Come il fruttosio influenza il metabolismo

Secondo la revisione, l’assunzione regolare di fruttosio innescherebbe una cascata di eventi metabolici: aumenta la produzione di grassi (trigliceridi) nel fegato, riduce la sensibilità all’insulina e altera i segnali di fame e sazietà. I ricercatori hanno osservato che il fruttosio può attivare un enzima chiave (ALDHA1), che spinge l’organismo a immagazzinare energia sotto forma di grasso, anche quando non c’è un surplus calorico effettivo. Questo processo è legato a un aumento del rischio di obesità, resistenza all’insulina, steatosi epatica (fegato grasso) e problemi cardiovascolari.

L’Istituto Superiore di Sanità (ISS), attraverso il portale Epicentro, da tempo raccomanda di limitare il consumo di zuccheri aggiunti, inclusi quelli ricchi di fruttosio, per prevenire l’obesità e le malattie croniche. Anche il Ministero della Salute e l’AIFA sottolineano l’importanza di una dieta equilibrata per ridurre il carico metabolico.

Differenze rispetto ad altri zuccheri

La revisione mette in luce che il fruttosio agisce in modo diverso dal glucosio. Mentre il glucosio stimola la produzione di insulina e di leptina (l’ormone della sazietà), il fruttosio lo fa in misura molto minore. Questo significa che il fruttosio può portare a un introito calorico eccessivo senza che il cervello riceva i segnali di sazietà. Inoltre, il fruttosio promuove la produzione di acido urico, un fattore di rischio per ipertensione e gotta.

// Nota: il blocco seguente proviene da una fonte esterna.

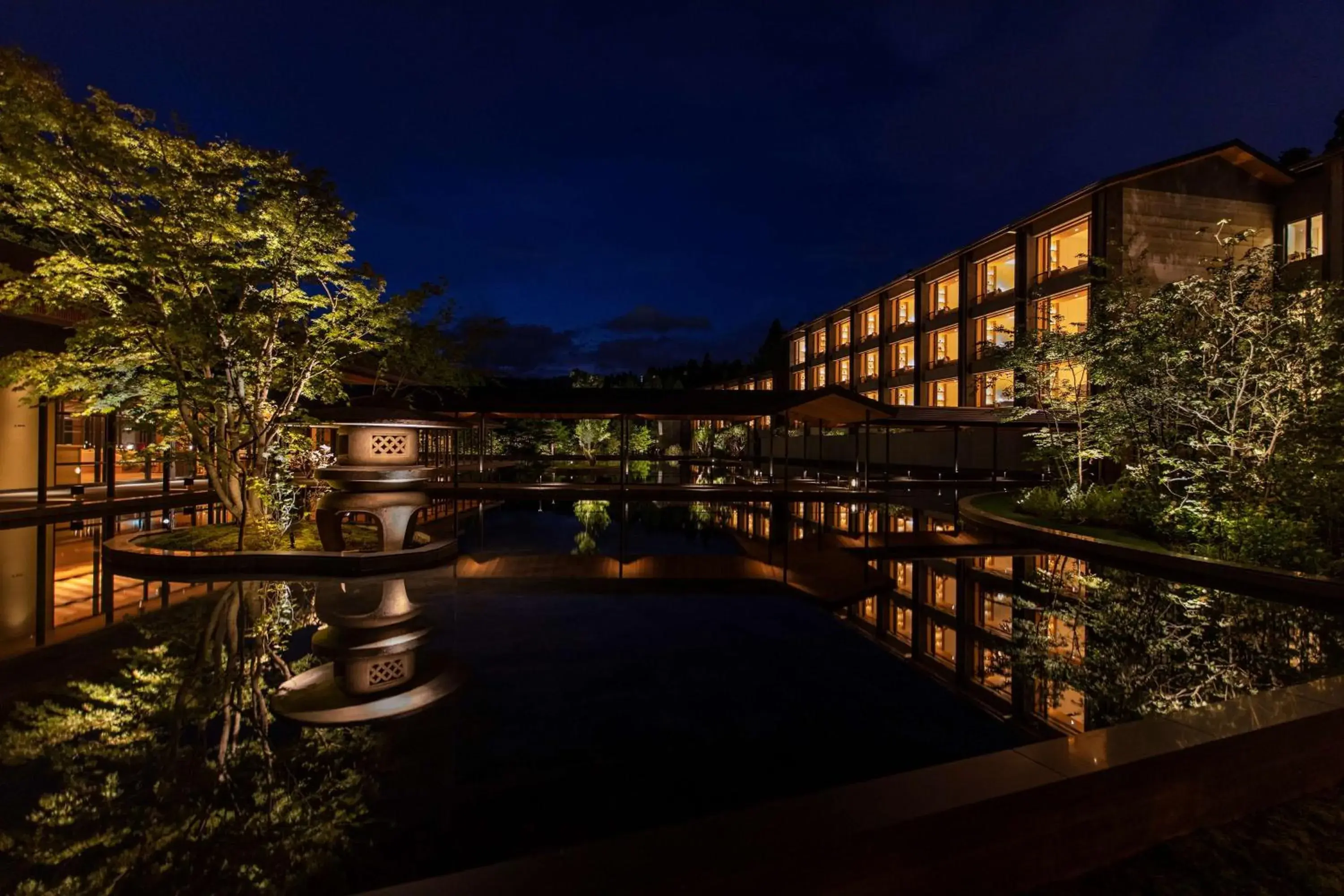 Property building in ROKU KYOTO, LXR Hotels & Resorts by Hilton Property building in ROKU KYOTO, LXR Hotels & Resorts by Hilton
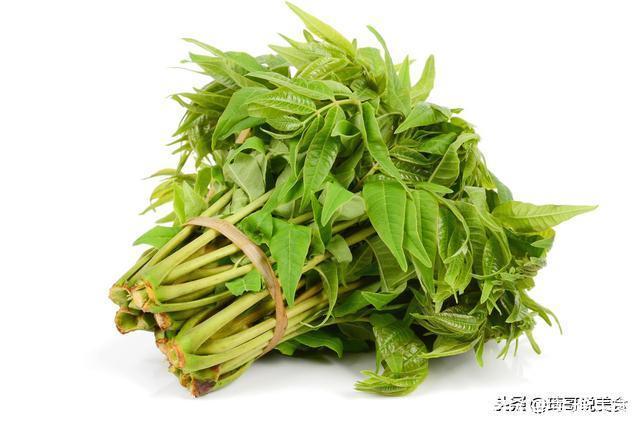 买香椿时,聪明人看见这5种香椿扭头就走,菜贩:我自己都不吃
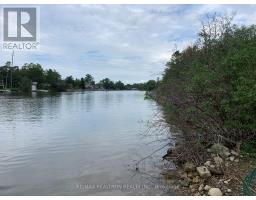 8 POPLAR STREET, Wasaga Beach, Ontario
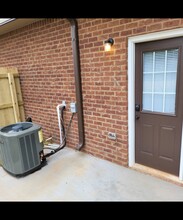 815 Howard St in Clarksville, TN - Foto de edificio - Building Photo
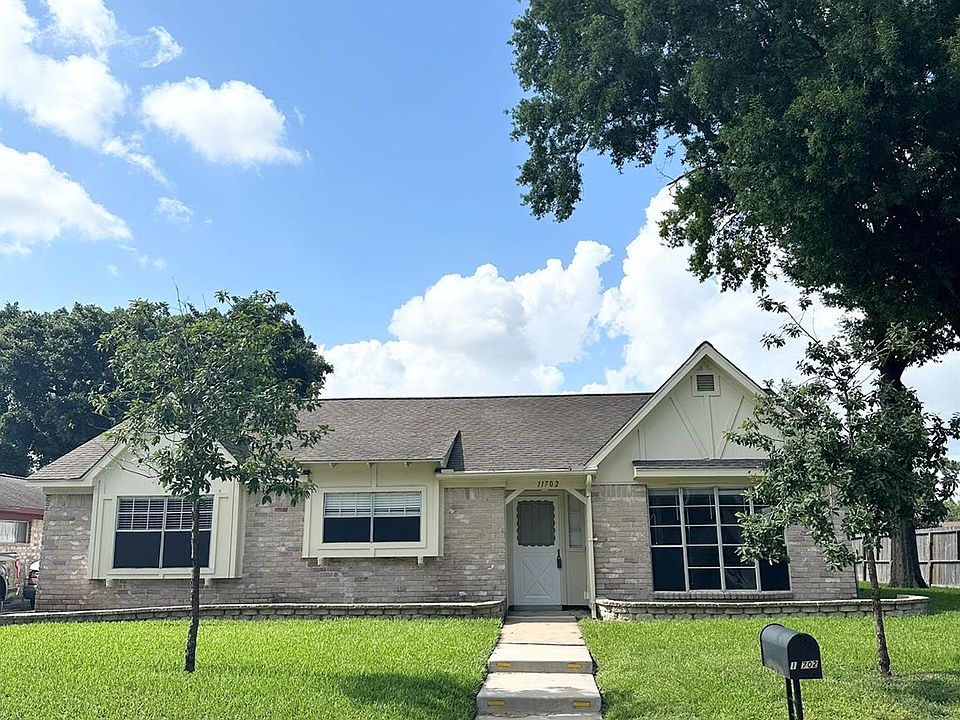 1st image of 11702 Brighton Ln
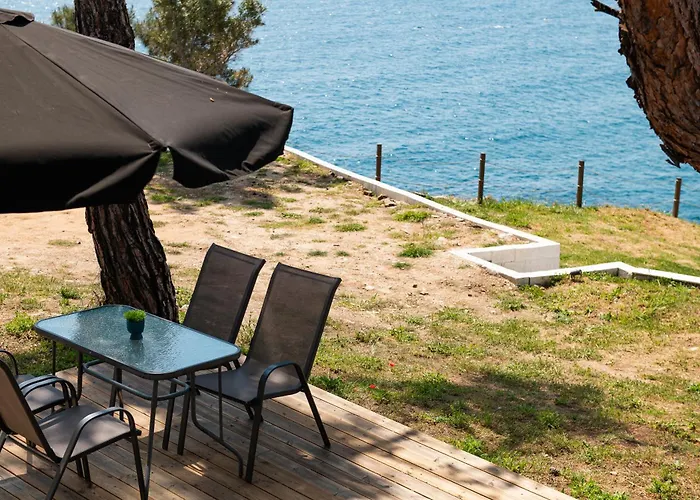 Acroterra - Easy Living Appart hôtel 3*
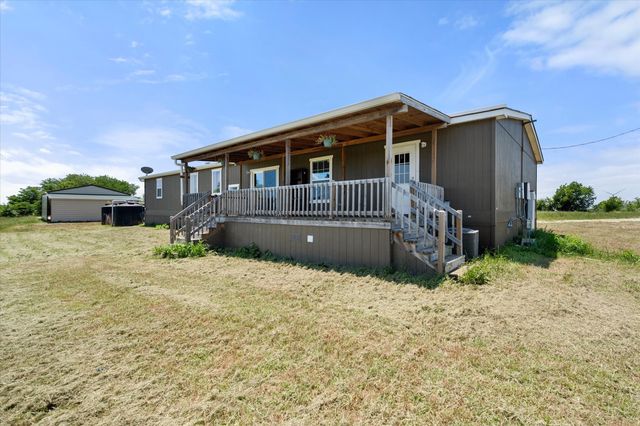 604 Lcr 208, Coolidge, TX 76635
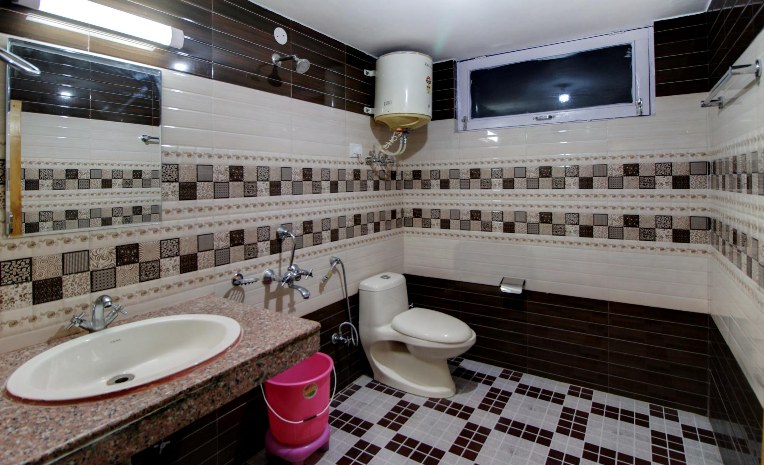 Bathroom,Hotel Thakur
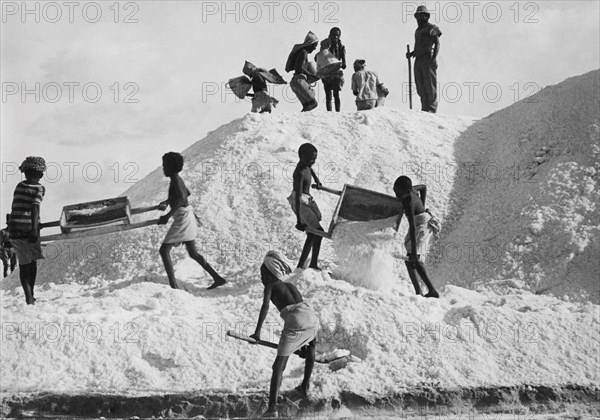 afrique, somalie, hafun, travail dans les salines, 1930 1940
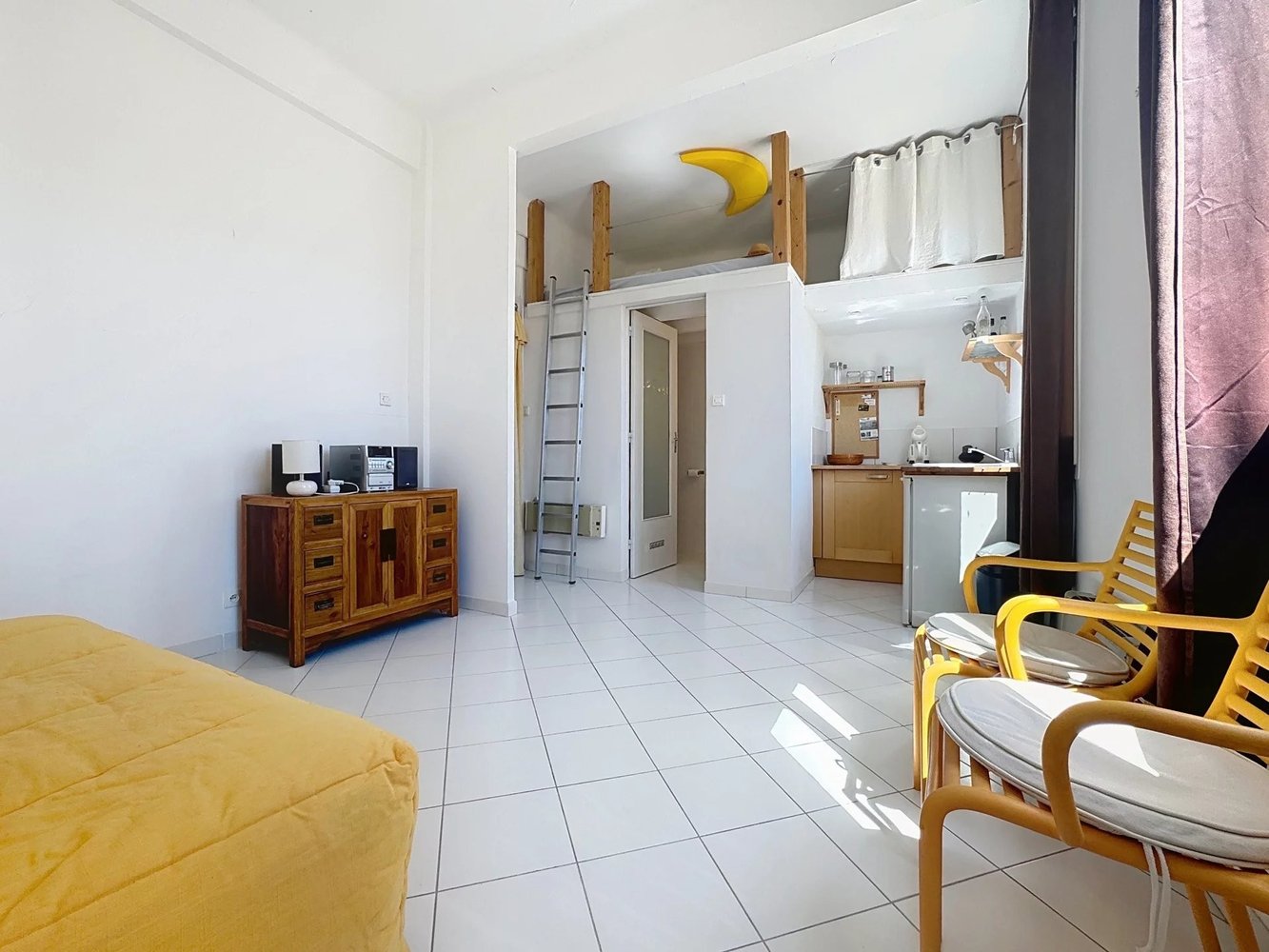 Property photo in Port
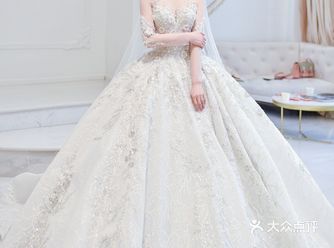 婚纱礼服试纱分享   这款婚纱一上身 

Cosa dice la ricerca scientifica

La revisione ha analizzato studi su animali e umani, concludendo che il consumo cronico di fruttosio altera il metabolismo energetico, favorendo l’accumulo di grasso viscerale e l’infiammazione sistemica. I ricercatori invitano a non demonizzare il fruttosio naturale della frutta intera (che contiene fibre e antiossidanti che modulano l’assorbimento), ma a prestare attenzione agli zuccheri aggiunti nei prodotti industriali. L’Organizzazione Mondiale della Sanità (OMS) raccomanda di limitare gli zuccheri liberi a meno del 10% dell’apporto energetico totale.

Implicazioni per la salute pubblica in Italia

In Italia, il consumo di zuccheri aggiunti è spesso superiore alle raccomandazioni. Secondo i dati dell’ISS, l’obesità e il diabete di tipo 2 sono in aumento, soprattutto tra i giovani. La ricerca sottolinea l’urgenza di campagne informative e di politiche alimentari che aiutino a ridurre l’esposizione al fruttosio aggiunto. AIFA e Ministero della Salute supportano da anni l’educazione alimentare nelle scuole e l’etichettatura chiara dei prodotti.

Come proteggersi

  • Preferire la frutta intera ai succhi di frutta confezionati.
  • Limitare bibite zuccherate, dolci e snack industriali.
  • Leggere le etichette: lo sciroppo di mais ad alto contenuto di fruttosio o il fruttosio cristallino sono spesso presenti.
  • Consultare il portale Epicentro per linee guida nutrizionali aggiornate.